Please retype the entries exactly as they stand, leaving out any pictures.
[Start of section]
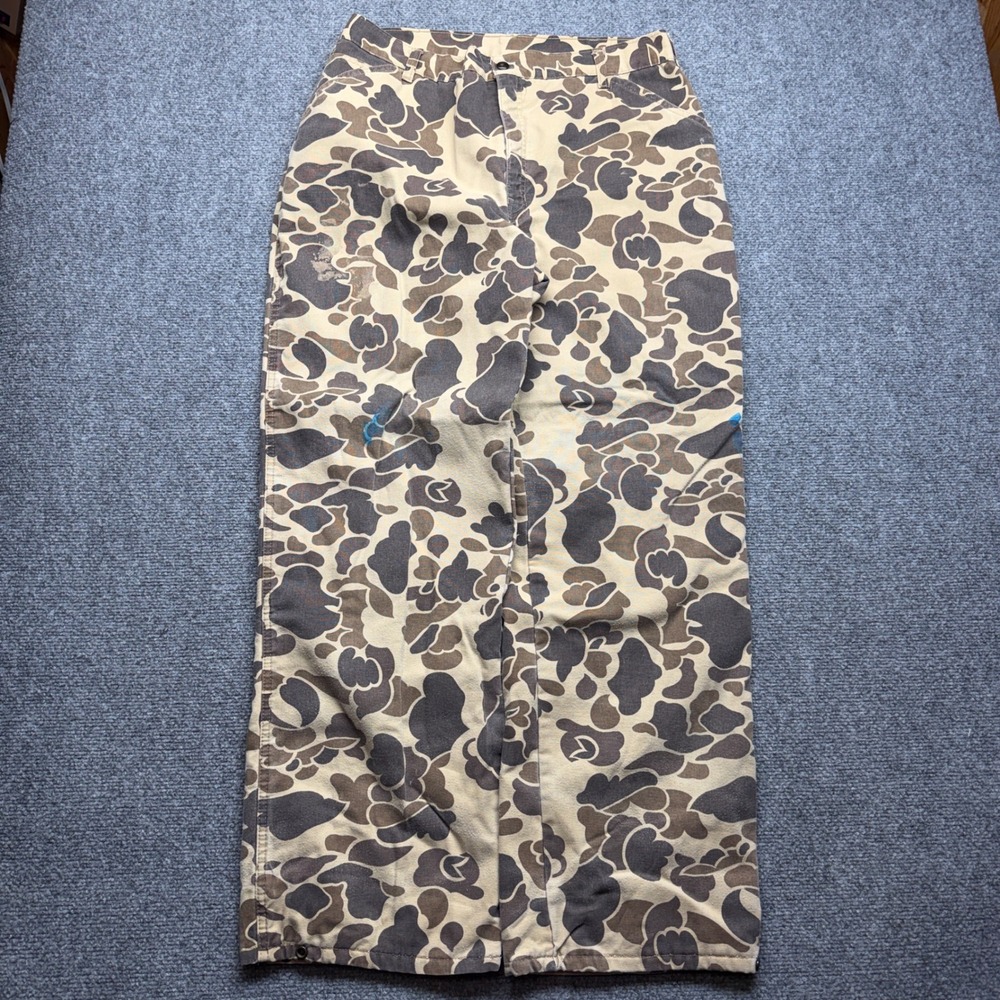 Vintage Walls Blizzard-Pruf Duck Camo Insulated Hunting Pants Mens 35x30.5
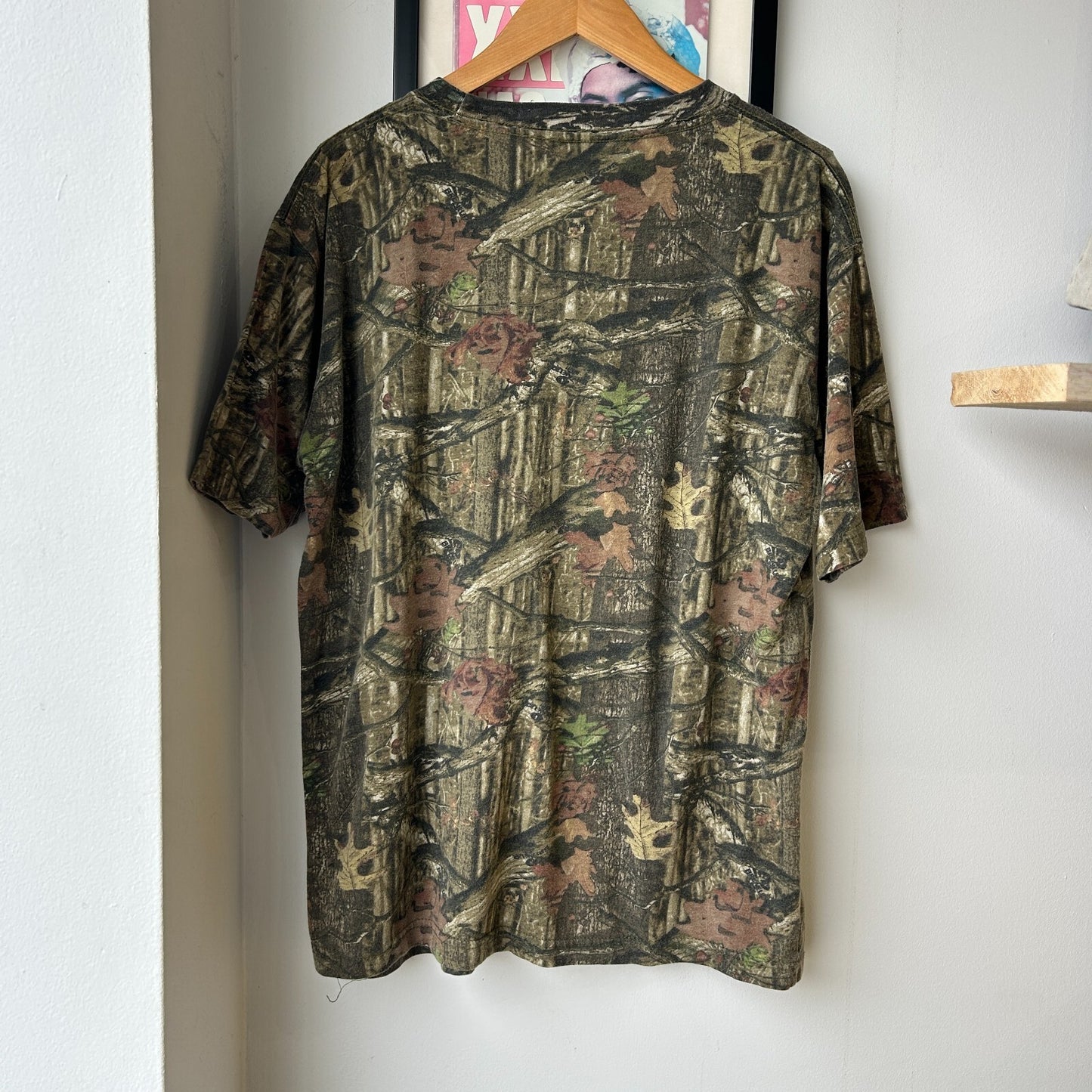 VINTAGE | Mossy Oak Real Tree Camo T-Shirt sz L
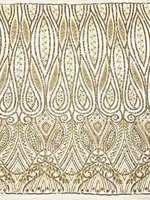 Tissu en dentelle française brodé de perles, de paillettes et de strass, 100% polyester, écologique, largeur 125 cm, pour robes et sacs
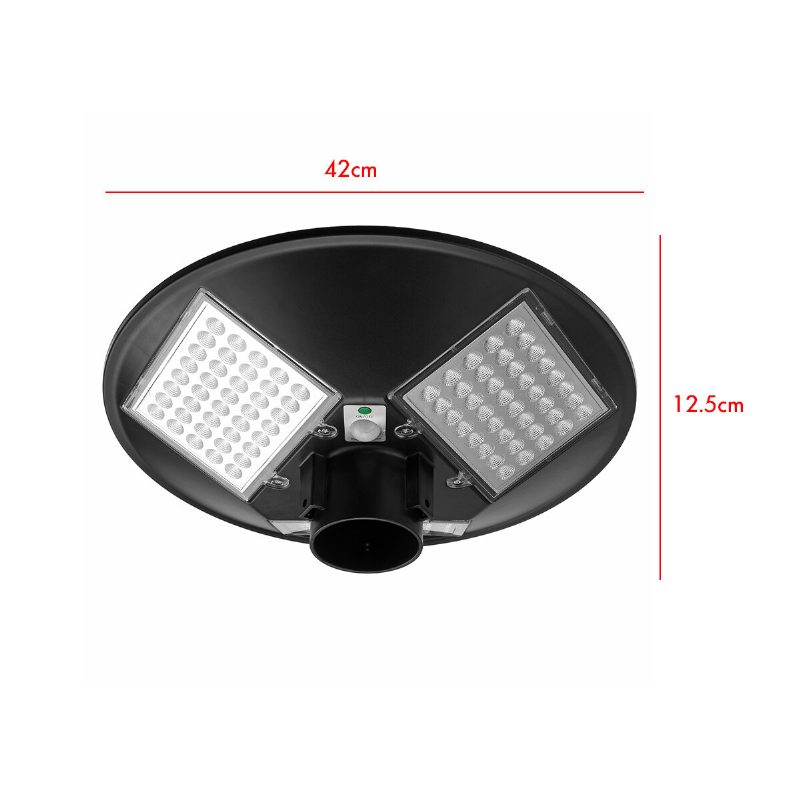 150w 240led Solárne Pouličné Svetlo Indukčná Vonkajšia Časovacia Lampa + Diaľkové Ovládanie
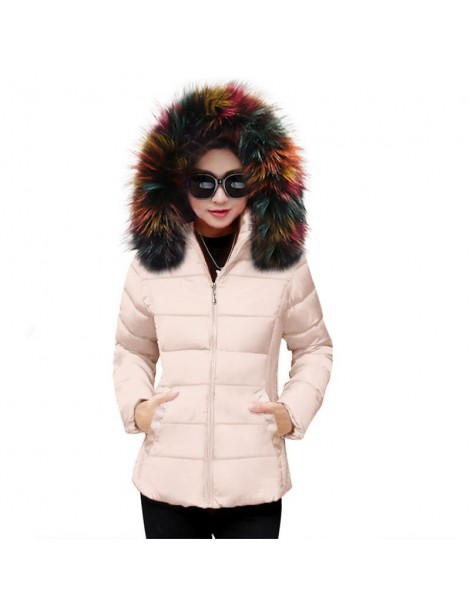 Parkas 2019 New Winter Jacket Women Fake Fur Thicken Warm Outerwear Parkas Female Big Size S-5XL Loose Coat Winter Women Cott...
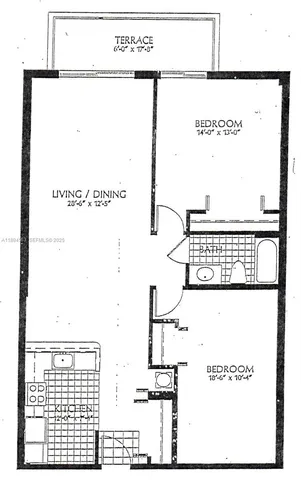a view of a patio with a table and chairs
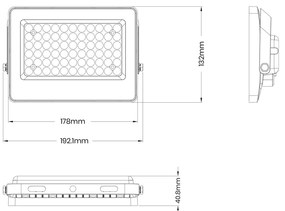 Naświetlacz Solarny Fokus 60W 900lm 6000K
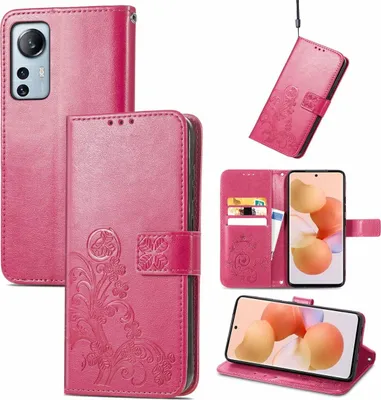 Produktbild von König Design Hülle kompatibel mit Xiaomi 12 Lite Kunstleder Handyhülle - Handy Case Magenta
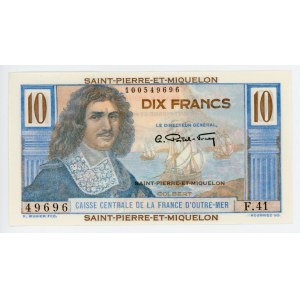 Saint Pierre & Miquelon 10 Francs 1950 - 1960 (ND)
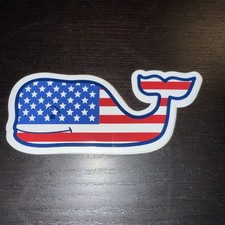 Vineyard Vines Whale Sticker Decal USA American Flag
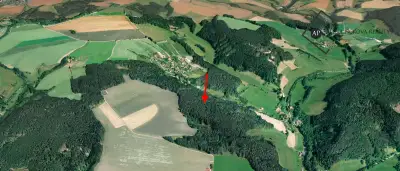 Lesní pozemky o CP 35696 m2, Chvalčovice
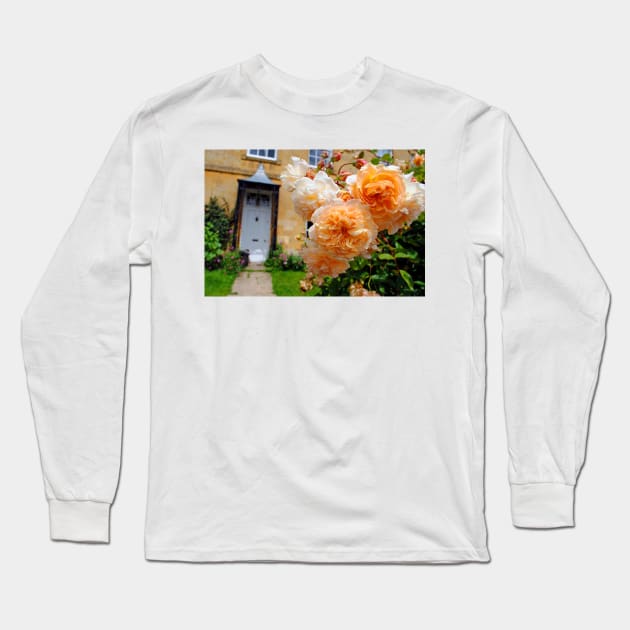 Blockley Village Cottage Cotswolds Gloucestershire Long Sleeve T-Shirt by AndyEvansPhotos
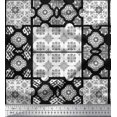 thumbnail image 3 of Soimoi Satin Silk Fabric Check & Quatrefoil Patchwork Print Sewing Fabric Yard 42 Inch Wide, 3 of 3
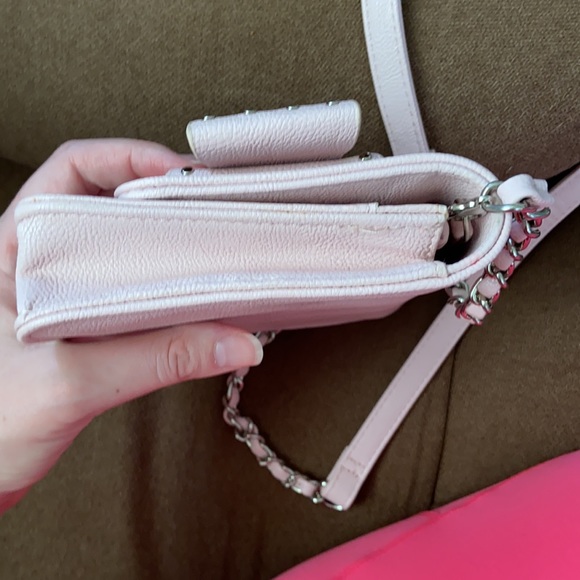 Betsey Johnson Light Pink Bow Shoulder Crossbody Bag Purse Wallet - Picture 8 of 17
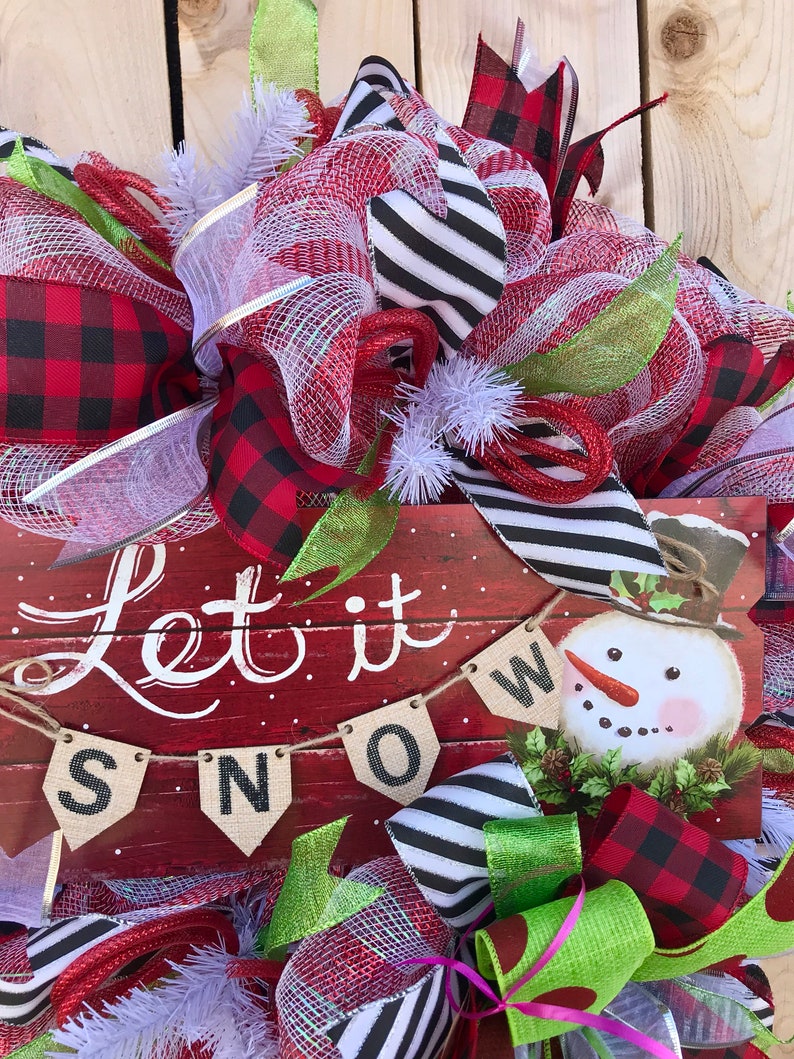 Front door Christmas Wreath,Snowman Decor Snowman Wreath,Christmas Door decor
[End of section]
▶ [Output of the task]:
 Vintage Walls Blizzard-Pruf Duck Camo Insulated Hunting Pants Mens 35x30.5
 VINTAGE | Mossy Oak Real Tree Camo T-Shirt sz L
 Tissu en dentelle française brodé de perles, de paillettes et de strass, 100% polyester, écologique, largeur 125 cm, pour robes et sacs
 150w 240led Solárne Pouličné Svetlo Indukčná Vonkajšia Časovacia Lampa + Diaľkové Ovládanie
 Parkas 2019 New Winter Jacket Women Fake Fur Thicken Warm Outerwear Parkas Female Big Size S-5XL Loose Coat Winter Women Cott...
a view of a patio with a table and chairs
 Naświetlacz Solarny Fokus 60W 900lm 6000K
 Produktbild von König Design Hülle kompatibel mit Xiaomi 12 Lite Kunstleder Handyhülle - Handy Case Magenta
 Saint Pierre & Miquelon 10 Francs 1950 - 1960 (ND)
 Vineyard Vines Whale Sticker Decal USA American Flag
 Lesní pozemky o CP 35696 m2, Chvalčovice
 Blockley Village Cottage Cotswolds Gloucestershire Long Sleeve T-Shirt by AndyEvansPhotos
 thumbnail image 3 of Soimoi Satin Silk Fabric Check & Quatrefoil Patchwork Print Sewing Fabric Yard 42 Inch Wide, 3 of 3
 Betsey Johnson Light Pink Bow Shoulder Crossbody Bag Purse Wallet - Picture 8 of 17
 Front door Christmas Wreath,Snowman Decor Snowman Wreath,Christmas Door decor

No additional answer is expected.